Add feature vector dataloader #291

xianyuanliu · 2022-01-22T14:14:42Z

Description

Update action_dann_lightn example with a dataloader of feature vector input. This dataloader is used in the EPIC challenge.
The trainer and models for feature vectors will be updated in the next PR after this one is merged. Coverage in video.py will be improved in the next PR because of most parts are used in training.
Changes are summarized below.

Add EPIC100DatasetAccess
Add new hyperparameters: CLASS_TYPE, INPUT_TYPE and NUM_SEGMENTS
Improve video-related trainers and ClassNetVideo for multi-class output.

Status

Ready

Types of changes

Non-breaking change (fix or new feature that would not break existing functionality).
Breaking change (fix or new feature that would cause existing functionality to change).
New tests added to cover the changes.
In-line docstrings updated.
Source for documentation at docs manually updated for new API.

codecov-commenter · 2022-01-23T09:47:48Z

Codecov Report

Merging #291 (2773771) into main (3706d7c) will decrease coverage by 0.39%.
The diff coverage is 80.92%.

@@            Coverage Diff             @@
##             main     #291      +/-   ##
==========================================
- Coverage   92.96%   92.56%   -0.40%     
==========================================
  Files          45       45              
  Lines        4622     4724     +102     
==========================================
+ Hits         4297     4373      +76     
- Misses        325      351      +26

Impacted Files	Coverage Δ
kale/loaddata/videos.py	`73.18% <51.85%> (-13.48%)`	⬇️
kale/loaddata/video_access.py	`97.05% <94.91%> (-0.86%)`	⬇️
kale/embed/video_feature_extractor.py	`96.66% <100.00%> (+0.05%)`	⬆️
kale/pipeline/video_domain_adapter.py	`96.93% <100.00%> (ø)`
kale/predict/class_domain_nets.py	`91.89% <100.00%> (+1.89%)`	⬆️
kale/prepdata/video_transform.py	`88.00% <100.00%> (+1.04%)`	⬆️

Continue to review full report at Codecov.

Legend - Click here to learn more
Δ = absolute <relative> (impact), ø = not affected, ? = missing data
Powered by Codecov. Last update 3706d7c...2773771. Read the comment docs.

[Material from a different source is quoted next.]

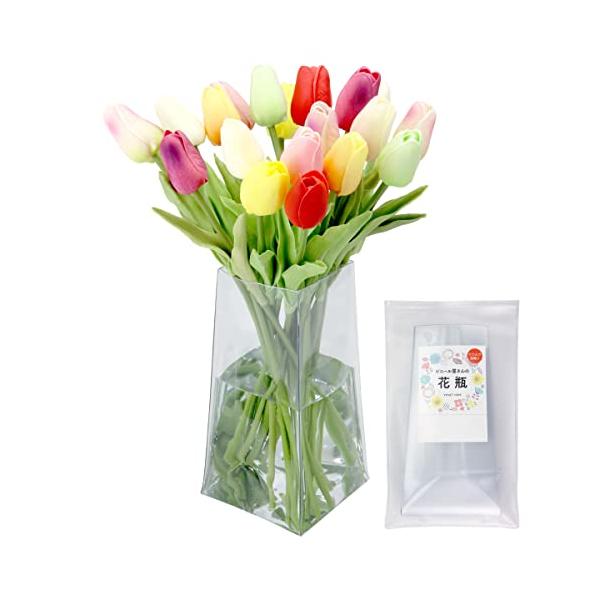 「商品情報」「主な仕様」シンプルかつお洒落なデザインが特徴のビニール製花瓶です。景観に馴染みやすく、玄関・リビング・客間・キッチン・寝室など場所を問わず飾ることができます。一般的な底が円形のタイプよりも、安定感のある台形により人が通過したと...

shuo-zhou · 2022-01-28T20:27:22Z

examples/action_dann_lightn/config.py

@@ -16,15 +16,17 @@
 # Dataset
 # -----------------------------------------------------------------------------
 _C.DATASET = CN()
-_C.DATASET.ROOT = "I:/Datasets/EgoAction/"  # "/shared/tale2/Shared"
+_C.DATASET.ROOT = "J:/Datasets/EgoAction/"  # "/shared/tale2/Shared"


Avoid using absolute path in examples

It may be necessary because the data is stored somewhere else (e.g. /Shared/data), not in pykale.

Is it possible to use public dataset for demonstration? Do you expect users to change the .yaml configurations and download the data themselves?

It uses public video datasets (e.g. EPIC KITCHENS), but each is large (>10G). Therefore, users need to download and prepare data following dataset instructions before running this example. Then, of course, they need to change configurations fit for data.

Reasons that this example does not contain video dataset downloading are as follows:

Some datasets provide tools or packages to boost downloading speed, but no need to add these into our pykale.

Pykale and data may not be in the same hardware due to the datasets' large-scale.

I may update the readme to describe the dataset format. We may add video dataset downloading in the future when we reduce dataset storage by using some dataset tools (e.g. Hub).

Examples are used for demonstration only. It should not be run on large, and full dataset. Is there any small and public dataset can be used?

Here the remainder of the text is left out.